Im having a positive goodness Brian Wilson-esque day, one of those when you pull up the blinds and the sun is lighting the whole world and your whole house up all bright white and bold. My life is finally moving again after a long year and a half of sitting in front of mixing desks, striking hammers, pulling bows, resting from the roads and arguing with business men, overcoming all those moments of being made to feel like a "difficult artist" when I am just being a musician that won't stop giving a shit about being as creative and uncompromising as I can and have to be. Sometimes we all have to be diva or divo to keep our dignity and integrity intact, to keep our communications pure. A diva knows no regret. Today is a day when all the work I have done has given me a perspective on my future and all the things I've fought for at last seem worth all the fighting. Maybe this is planetary or caused by the sun or just BANG that feeling that my album is finished, totally, excitingly, yes 13 year old patrick, in 12 years time you will have made four albums from the bottom of your heart and you didn't get diluted or compromised along the way, bingo. You aren't the gutter tramp, hooker or failure those kids promised you would be. Im watching my lovely man sleeping in the bed next to my studio.. so peaceful and handsome... all lovers should watch their partners sleeping more often... It's not creepy, It's romantic, I think even snoring can be charming when the noise is made by right person . Sorry I digress.. but I haven't done a proper writing blog for a while.

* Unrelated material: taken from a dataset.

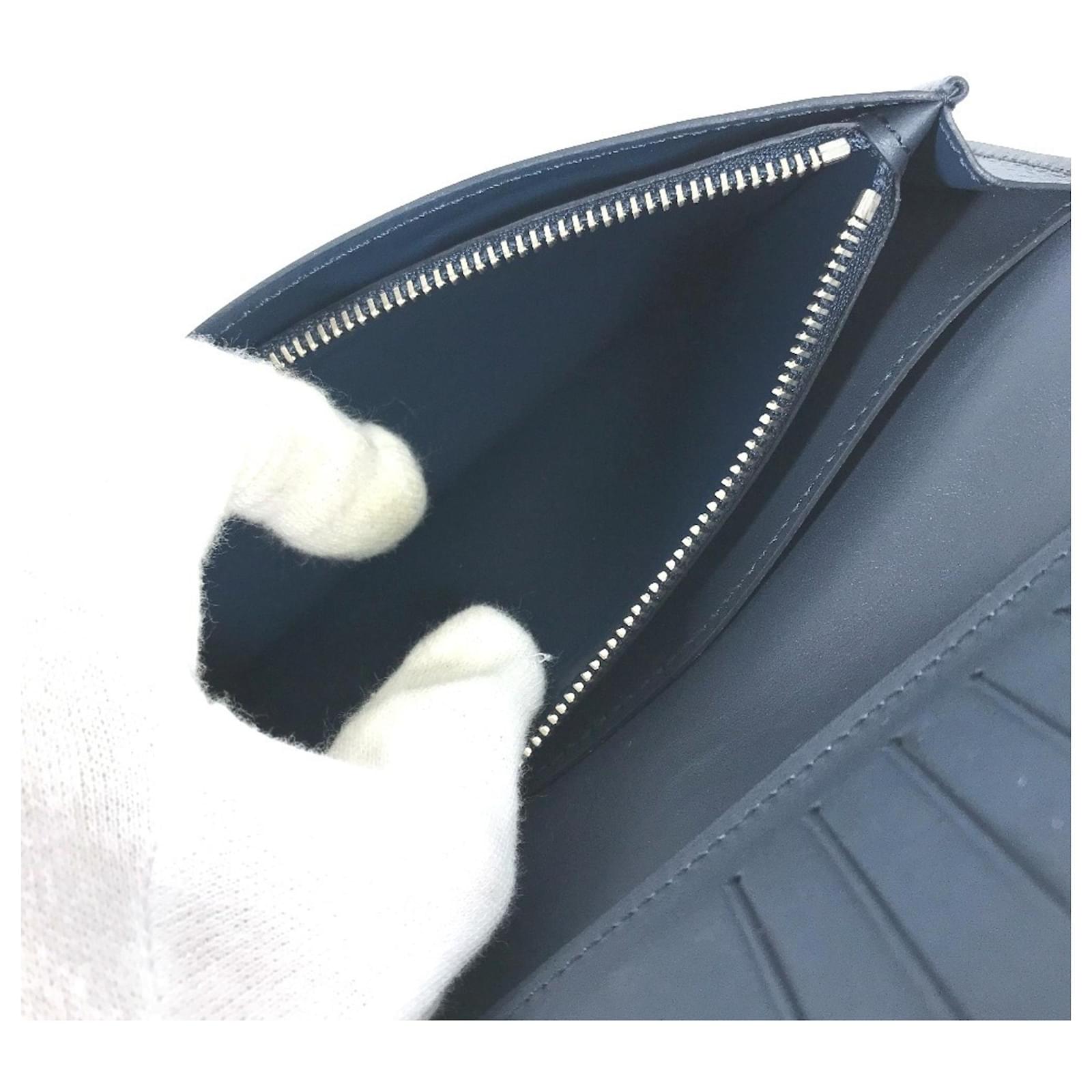 Louis Vuitton Ombre Long Wallet Navy blue Leather  ref.2430941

Im also moving house over the next couple of weeks... slowly and surely.. 7 years of costumes... 10 years of instrument collecting.. endless boxes of old books and note books and manuscript. Im stepping back in time to the regency period in a little house with two blackbirds in the garden (and heating.. i have lived without heating for a year now!) but once again the bloody piano and the harpsichords are going to have to be put in the elevator and thrown in the back of a truck... terrifying, must be like a mother having to watch your children skydiving or something. Im getting a four poster bed too... yes, very fancy... very naughty.. etc etc
Ok.. Now, thanks to you lot.. the first warm up london show at Heaven sold out super quickly so I have added another date at Koko on the 13th of March...the day after Heaven at The Club NME night... Once again bandstocks holders get first dibs on tickets and then the tickets go on general sale on February 19th... There are still a few tickets left for Gloucester, Colchester and Cambridge I think. As stated before this will be the first time I will be performing all the new songs from the first CD of Battle... now entitled "The Bachelor" but expect full U.K and International tours from late April onwards... this is just my first toe back in the big old world of show.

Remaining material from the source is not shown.